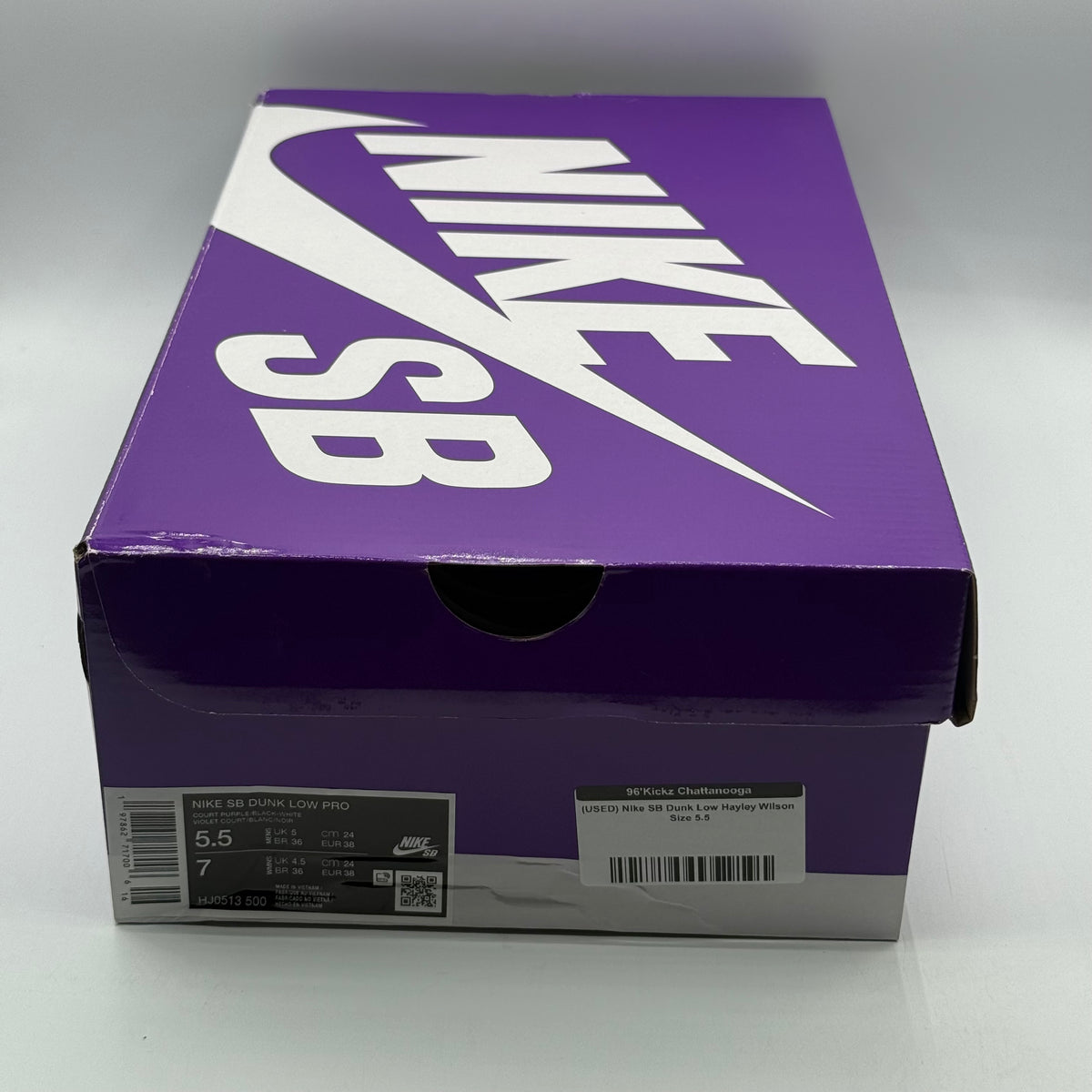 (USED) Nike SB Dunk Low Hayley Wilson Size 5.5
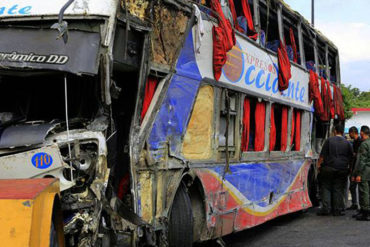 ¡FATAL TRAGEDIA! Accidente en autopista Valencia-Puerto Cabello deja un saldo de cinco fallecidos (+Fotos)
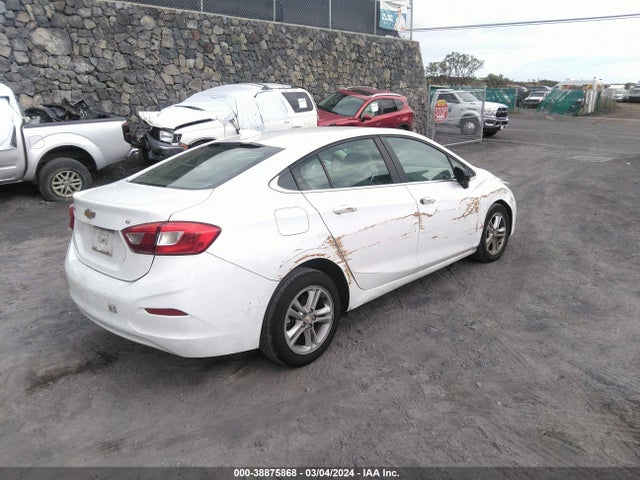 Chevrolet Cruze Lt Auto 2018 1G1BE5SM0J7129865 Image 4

Aim of the exercise: Pictures in the listing above must be skipped; everything else should be copied exactly.

Solution for this exercise:
 (USED) Nike SB Dunk Low Hayley Wilson Size 5.5
 ¡FATAL TRAGEDIA! Accidente en autopista Valencia-Puerto Cabello deja un saldo de cinco fallecidos (+Fotos)
 Chevrolet Cruze Lt Auto 2018 1G1BE5SM0J7129865 Image 4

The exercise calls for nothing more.